Kay Rich had sprinklers spraying on her lawn about 15 miles northeast of Ashland on Monday evening as wildfires burned in the distance.

Eventually, she could smell the smoke, and the sky turned into a wall of darkness.

Her daughter-in-law, Jessica Bates, her granddaughter, Bailey Koch, and her grandson, Ethan Bates, had evacuated to Rich’s place from Ashland.

As Bates remembered it Wednesday evening, the wind shifted and Rich said, “You know, we need to go.”

They decided to head for Protection, the town east of Ashland. It looked clear that way. Rich, 59, drove her pickup with her 16-year-old granddaughter beside her. Bates, 34, followed in her Ford Explorer with her 7-year-old son and the family’s 13-year-old Jack Russell terrier, Amelia.

What they didn’t know was that they were heading toward more danger.

They ended up going south on K-34. They passed through smoke and made it through a set of sharp turns.

“And then we had to start driving through fire,” Bates recalled. “I mean, it was to the point I could feel the heat in the inside of my vehicle.”

They passed through two or three areas of flames, and at one point, Bates saw Rich’s pickup drive off into the ditch. Rich was have trouble seeing; the headlights were useless in the smoke and dust.

But Bates could tell that Rich would be able to get back on the highway, so she passed her. Bates felt they had to keep moving.

They got through another section of fire and smoke.

And it started to clear.

“And then all of the sudden,” Bates said, “I saw a semi and (a) car, and I hit it. There wasn’t anything I could do.”

Bates’ Explorer struck the rear of a 2005 Envoy that had smashed into the middle of the semi, which had jack-knifed across the highway.

The impact caused Bates’ SUV to flip over and come to a rest on its top.

She unbuckled and crawled back toward her son, and as she did she heard Amelia, the dog, let out a yelp.

As Bates got her son out of his car seat, he seemed to lose consciousness for a few moments.

She noticed Rich, her mother-in-law, running toward them.

After maneuvering back onto the highway, Rich said, she saw a “gray thing in the middle of the highway,” realizing it was a semitrailer rig.

Rich saw that two vehicles had crashed into or around the semi: one in the middle of the rig, the other overturned.

At first, Rich went to the Envoy that had hit the semi. No one was inside.

Then Rich noticed the overturned Explorer from which Bates and her grandson had emerged.

There had been four people from Ashland in the Envoy – a man and woman in their 20s and two children, ages 6 and 2, according to the Kansas Highway Patrol. The four had managed to get out of the Envoy and walk to safety despite their injuries.

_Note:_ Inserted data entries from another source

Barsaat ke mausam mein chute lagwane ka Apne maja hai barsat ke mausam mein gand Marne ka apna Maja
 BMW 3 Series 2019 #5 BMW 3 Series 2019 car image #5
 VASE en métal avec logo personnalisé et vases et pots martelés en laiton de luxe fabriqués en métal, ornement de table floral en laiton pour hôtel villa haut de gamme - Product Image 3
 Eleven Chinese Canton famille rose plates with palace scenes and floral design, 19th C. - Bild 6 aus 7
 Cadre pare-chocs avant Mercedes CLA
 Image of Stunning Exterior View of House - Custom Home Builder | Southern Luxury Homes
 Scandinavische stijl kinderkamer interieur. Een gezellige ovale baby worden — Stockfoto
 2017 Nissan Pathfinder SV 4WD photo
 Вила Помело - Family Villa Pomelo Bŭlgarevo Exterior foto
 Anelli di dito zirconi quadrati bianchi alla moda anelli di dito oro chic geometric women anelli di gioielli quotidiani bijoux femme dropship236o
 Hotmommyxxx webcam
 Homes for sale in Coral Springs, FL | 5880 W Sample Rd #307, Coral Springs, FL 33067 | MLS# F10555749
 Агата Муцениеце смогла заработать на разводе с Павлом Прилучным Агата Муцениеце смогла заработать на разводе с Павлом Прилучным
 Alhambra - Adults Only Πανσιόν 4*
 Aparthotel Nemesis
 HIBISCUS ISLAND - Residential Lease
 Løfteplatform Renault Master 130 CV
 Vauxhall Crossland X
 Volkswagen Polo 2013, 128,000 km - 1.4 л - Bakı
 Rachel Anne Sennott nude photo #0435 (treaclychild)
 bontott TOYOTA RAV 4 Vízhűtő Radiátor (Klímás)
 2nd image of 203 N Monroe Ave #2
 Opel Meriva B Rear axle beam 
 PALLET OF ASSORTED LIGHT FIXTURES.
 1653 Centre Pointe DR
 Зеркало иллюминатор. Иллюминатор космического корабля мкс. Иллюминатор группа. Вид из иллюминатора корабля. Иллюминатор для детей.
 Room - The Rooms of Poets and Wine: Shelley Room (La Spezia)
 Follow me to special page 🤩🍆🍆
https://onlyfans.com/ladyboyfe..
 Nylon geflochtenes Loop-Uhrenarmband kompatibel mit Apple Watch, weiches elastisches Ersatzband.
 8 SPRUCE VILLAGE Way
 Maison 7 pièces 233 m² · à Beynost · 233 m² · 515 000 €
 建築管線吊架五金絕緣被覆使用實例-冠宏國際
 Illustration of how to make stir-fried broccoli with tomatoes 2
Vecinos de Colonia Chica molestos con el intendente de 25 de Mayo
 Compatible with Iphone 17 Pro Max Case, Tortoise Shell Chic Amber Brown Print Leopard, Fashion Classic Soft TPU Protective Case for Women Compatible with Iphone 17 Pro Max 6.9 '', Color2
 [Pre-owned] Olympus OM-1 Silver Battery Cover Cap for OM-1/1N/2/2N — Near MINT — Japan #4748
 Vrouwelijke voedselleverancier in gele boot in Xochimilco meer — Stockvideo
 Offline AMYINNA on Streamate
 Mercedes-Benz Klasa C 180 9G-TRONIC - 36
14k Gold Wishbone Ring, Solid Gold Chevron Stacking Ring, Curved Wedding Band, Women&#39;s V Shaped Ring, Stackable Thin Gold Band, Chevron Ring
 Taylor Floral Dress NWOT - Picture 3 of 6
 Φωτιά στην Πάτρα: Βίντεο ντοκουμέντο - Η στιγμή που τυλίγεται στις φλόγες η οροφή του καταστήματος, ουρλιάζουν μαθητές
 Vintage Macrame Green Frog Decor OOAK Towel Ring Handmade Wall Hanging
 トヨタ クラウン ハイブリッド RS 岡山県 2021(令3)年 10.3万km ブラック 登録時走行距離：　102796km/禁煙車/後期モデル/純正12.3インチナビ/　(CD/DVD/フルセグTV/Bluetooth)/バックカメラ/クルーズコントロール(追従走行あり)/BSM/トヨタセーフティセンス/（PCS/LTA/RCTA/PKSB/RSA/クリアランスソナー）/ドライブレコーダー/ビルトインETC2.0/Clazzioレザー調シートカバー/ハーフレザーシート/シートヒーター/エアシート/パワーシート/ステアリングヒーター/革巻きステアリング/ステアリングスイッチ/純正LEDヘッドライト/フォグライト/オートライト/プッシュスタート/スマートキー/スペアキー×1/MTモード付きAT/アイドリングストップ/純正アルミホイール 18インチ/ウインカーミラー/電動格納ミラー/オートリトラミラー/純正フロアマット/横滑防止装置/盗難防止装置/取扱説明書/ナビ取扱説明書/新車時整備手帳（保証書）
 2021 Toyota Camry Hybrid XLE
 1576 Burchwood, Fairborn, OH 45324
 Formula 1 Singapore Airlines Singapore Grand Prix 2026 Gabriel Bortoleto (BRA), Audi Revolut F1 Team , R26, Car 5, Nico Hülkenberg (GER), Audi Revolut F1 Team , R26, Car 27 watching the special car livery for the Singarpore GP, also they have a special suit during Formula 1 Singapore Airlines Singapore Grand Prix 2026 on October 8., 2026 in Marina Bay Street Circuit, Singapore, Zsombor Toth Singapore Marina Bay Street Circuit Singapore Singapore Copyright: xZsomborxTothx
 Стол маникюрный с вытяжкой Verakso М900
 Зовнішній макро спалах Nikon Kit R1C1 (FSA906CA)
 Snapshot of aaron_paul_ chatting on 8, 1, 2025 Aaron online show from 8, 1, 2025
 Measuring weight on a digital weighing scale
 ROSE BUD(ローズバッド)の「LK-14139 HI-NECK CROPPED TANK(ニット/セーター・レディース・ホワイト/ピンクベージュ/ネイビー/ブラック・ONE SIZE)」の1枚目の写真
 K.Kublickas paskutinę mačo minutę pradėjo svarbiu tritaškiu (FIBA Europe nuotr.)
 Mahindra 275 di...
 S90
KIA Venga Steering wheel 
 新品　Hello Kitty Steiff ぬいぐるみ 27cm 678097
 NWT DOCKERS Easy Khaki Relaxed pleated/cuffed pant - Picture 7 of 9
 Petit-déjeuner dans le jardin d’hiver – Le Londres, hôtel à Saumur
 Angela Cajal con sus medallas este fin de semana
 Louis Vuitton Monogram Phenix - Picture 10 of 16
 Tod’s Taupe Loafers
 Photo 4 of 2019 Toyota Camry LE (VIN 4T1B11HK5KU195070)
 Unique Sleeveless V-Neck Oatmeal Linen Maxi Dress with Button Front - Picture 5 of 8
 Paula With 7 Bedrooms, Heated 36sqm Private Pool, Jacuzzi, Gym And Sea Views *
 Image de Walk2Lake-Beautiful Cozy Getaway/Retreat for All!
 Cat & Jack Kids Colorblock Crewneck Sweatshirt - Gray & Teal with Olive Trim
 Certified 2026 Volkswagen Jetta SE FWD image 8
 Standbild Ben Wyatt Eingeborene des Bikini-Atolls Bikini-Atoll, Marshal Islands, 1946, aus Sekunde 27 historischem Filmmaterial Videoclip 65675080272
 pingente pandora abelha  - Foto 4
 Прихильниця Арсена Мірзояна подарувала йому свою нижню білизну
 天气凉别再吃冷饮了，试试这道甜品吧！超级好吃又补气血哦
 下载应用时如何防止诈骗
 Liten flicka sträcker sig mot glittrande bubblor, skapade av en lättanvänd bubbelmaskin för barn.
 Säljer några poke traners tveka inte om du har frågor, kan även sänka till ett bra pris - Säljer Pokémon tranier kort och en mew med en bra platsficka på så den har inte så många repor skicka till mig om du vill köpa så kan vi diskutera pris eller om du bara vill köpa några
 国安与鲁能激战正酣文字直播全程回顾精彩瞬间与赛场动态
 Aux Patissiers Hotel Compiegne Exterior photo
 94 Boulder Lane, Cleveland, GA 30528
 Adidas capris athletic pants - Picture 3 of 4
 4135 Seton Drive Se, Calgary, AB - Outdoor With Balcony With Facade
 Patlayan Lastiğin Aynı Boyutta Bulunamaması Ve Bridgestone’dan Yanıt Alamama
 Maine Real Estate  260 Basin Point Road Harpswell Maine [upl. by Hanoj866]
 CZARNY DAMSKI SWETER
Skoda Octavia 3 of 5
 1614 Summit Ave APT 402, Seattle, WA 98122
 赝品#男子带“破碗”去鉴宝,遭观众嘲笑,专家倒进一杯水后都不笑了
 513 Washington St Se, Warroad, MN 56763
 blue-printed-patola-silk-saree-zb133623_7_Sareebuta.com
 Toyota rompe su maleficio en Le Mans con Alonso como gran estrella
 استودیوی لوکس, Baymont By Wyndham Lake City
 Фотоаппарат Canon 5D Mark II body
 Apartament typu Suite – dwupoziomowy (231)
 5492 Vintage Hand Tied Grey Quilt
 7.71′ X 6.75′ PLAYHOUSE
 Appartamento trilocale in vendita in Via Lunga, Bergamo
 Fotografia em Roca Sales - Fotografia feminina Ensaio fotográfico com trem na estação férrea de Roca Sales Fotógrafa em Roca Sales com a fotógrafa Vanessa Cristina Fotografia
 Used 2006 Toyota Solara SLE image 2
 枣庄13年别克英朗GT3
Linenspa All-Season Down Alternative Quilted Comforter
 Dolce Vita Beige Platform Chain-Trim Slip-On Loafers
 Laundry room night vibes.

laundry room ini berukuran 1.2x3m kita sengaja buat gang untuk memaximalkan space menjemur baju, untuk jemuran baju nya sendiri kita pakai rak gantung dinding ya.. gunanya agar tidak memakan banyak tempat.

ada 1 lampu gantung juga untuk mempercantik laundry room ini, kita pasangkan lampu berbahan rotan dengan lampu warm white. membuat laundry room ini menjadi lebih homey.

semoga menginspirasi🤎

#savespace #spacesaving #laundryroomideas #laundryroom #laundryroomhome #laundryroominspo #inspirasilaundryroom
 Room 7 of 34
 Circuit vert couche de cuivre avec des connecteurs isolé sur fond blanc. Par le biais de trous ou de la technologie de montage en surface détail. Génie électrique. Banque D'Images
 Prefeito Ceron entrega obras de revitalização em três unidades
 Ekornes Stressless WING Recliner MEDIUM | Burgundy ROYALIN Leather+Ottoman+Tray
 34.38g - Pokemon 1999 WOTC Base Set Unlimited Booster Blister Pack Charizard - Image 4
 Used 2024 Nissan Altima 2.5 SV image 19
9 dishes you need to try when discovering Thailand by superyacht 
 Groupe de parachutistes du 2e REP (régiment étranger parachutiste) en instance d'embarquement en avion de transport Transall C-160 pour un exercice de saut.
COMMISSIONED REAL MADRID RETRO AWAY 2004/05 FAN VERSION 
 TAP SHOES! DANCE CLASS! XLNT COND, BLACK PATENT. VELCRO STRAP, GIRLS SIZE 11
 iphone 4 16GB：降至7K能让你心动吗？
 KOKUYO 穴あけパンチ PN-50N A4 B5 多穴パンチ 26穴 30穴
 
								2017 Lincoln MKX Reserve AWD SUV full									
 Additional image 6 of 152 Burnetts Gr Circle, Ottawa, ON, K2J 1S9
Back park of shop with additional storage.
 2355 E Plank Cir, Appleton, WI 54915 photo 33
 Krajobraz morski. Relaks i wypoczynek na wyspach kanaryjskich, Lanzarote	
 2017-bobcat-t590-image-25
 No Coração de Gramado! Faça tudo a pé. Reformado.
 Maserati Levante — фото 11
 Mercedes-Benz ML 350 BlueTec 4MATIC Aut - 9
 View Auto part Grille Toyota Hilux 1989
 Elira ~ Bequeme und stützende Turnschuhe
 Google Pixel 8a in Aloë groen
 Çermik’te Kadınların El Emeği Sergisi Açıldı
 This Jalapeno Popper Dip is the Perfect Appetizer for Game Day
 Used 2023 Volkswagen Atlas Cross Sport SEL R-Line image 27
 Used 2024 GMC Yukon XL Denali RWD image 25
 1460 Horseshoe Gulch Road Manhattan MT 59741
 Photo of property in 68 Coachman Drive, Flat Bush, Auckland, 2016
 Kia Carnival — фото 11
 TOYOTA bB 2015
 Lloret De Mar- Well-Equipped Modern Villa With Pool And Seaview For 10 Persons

In the chaos and urgency after the crash, Rich and Bates never saw the people from the Envoy. The four had apparently moved to the other side of the semi, where EMS found them.

Nor did Bates and Rich ever see the driver of the semi, who had stopped the rig because of poor visibility, the Highway Patrol said. He got out of the rig, and the smoke and fire overcame him, and he died, the agency said.

Smoke still filled the air as Bates and her son got into the pickup with Rich and her granddaughter. They drove back a couple of miles north until they saw something that looked like a refuge from the fiery danger: a tilled, green wheat field. They stopped there and called 911.

The boy suffered an abrasion on the side of his head and bruising, his mother said Wednesday night.

A game warden found their dog with the wrecked SUV. The old terrier suffered a broken leg and is being treated at the vet’s. “She is OK,” Bates said.

Rich said Wednesday afternoon that she still feels shaken.

“If that’s what hell’s like, I don’t want to go there,” Rich said. “It was just traumatizing.

“Definitely, God was watching over us.”

The Kansas Highway Patrol has identified the semi driver who died as Corey Holt, 39, of Oklahoma City.

Considering the conditions on the highway after the fire stopped the semi and the other vehicles collided, it is “really shocking” that the toll wasn’t worse, Technical Trooper Michael Racy said Wednesday night.